Hello, everyone.
I welcome you to my blog and another wonderful edition of the Hive Learner's featured post. One of the living things walking the face of the earth that are really difficult to control are kids or children; sometimes they move in ways that leave you wondering if they are being controlled by spiritual forces or if they are really just being kids. Visited an uncle during the Christmas holiday, and I cannot help but agree that parenting is hard and a journey you must prepare for before embarking on such a journey. A child you are telling not to touch or do something will be hearing you shout and still want to do it, and the moment they decide to drop it and not do it, another picks up from where the other left.
Children once given the room will derail from everything you are trying to teach them; they will leave the path you put them on the moment you take your eyes off them, which makes it important that you always have your eyes on them, but that is nearly impossible because you cannot always be there, which is why we have the likes of teachers and sometimes neighbors you can trust.
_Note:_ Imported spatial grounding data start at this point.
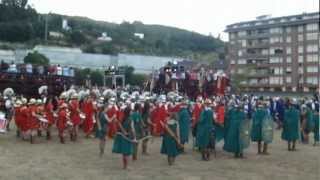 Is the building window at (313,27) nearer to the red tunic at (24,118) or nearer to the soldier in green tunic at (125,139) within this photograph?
the red tunic at (24,118)

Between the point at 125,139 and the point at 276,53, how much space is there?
286ft

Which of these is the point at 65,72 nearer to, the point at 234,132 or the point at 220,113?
the point at 220,113

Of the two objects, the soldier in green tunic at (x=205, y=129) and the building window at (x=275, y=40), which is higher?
the building window at (x=275, y=40)

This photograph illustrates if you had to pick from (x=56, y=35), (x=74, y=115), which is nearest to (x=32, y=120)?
(x=74, y=115)

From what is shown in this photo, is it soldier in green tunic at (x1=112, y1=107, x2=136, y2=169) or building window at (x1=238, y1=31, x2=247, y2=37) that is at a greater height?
building window at (x1=238, y1=31, x2=247, y2=37)

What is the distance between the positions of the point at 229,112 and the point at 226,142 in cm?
85

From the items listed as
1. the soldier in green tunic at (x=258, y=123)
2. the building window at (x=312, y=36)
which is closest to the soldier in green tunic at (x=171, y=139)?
the soldier in green tunic at (x=258, y=123)

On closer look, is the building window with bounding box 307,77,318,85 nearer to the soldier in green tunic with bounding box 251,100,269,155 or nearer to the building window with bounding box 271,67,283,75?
the building window with bounding box 271,67,283,75

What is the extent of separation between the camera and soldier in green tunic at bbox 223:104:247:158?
15.4 m

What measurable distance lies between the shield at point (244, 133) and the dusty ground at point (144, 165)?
0.46 m

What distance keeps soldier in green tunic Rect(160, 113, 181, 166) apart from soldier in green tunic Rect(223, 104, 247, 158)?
2217 millimetres

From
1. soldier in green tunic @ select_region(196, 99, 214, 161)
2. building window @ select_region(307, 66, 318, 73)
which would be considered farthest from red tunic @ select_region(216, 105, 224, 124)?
building window @ select_region(307, 66, 318, 73)

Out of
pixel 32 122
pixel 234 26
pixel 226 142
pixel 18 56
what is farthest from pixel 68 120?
pixel 234 26

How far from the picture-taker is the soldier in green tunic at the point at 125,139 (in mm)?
12859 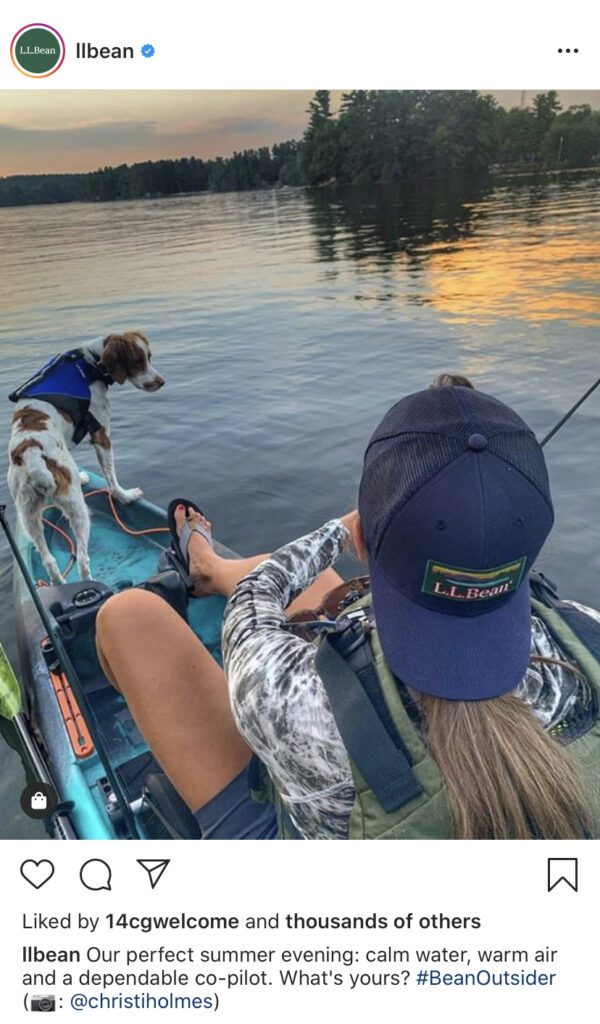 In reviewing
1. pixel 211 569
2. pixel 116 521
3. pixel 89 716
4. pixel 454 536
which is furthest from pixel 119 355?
pixel 454 536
These are also people who will help make sure that your kids stay on track and don't derail or go about getting themselves involved in things that are not right. I see many parents who claim only they can raise their kids and raise them up properly, and for that reason no other person is allowed to correct their kids or tell them that what they did was wrong, or you have them (the parents) coming at you.
I was raised by parents who believe that a child cannot be raised by parents alone; the community has a role to play. The elders in the community are allowed to help put their child on the right track whenever they see them going off track.
The truth is that no matter how closely you watch your child, there are days and times when you will not be there, days and times when you will not be watching, but someone from the community is watching, and if things are going wrong, for the fact that they know that you won't react wrongly, that they corrected your child, they can step in and make sure things are corrected, but if you are the type who wants to raise their child alone, they will overlook it, and before you realize it, things have gone really bad.
My answer to this question is a yes. In school, there are teachers and adults who clearly know what is wrong and what is right; they know what is best for the child who is just growing up and yet to understand what life is all about. In school they can be both adults and teachers; therefore, they have the power to point the child in the right direction, but outside school they are still adults, and that still gives them the power to point a child in the right direction, making sure that the child does not derail from the right path.
Whether in school or not, every adult living right should be able to step in and correct a child whenever they are wrong or are involved in something that can bring harm their way or their family's way. You don't need a jurisdiction as a teacher before you do what is right, and pointing out a child who is under your care, whether in school or not in school, is the right thing to do even without being told.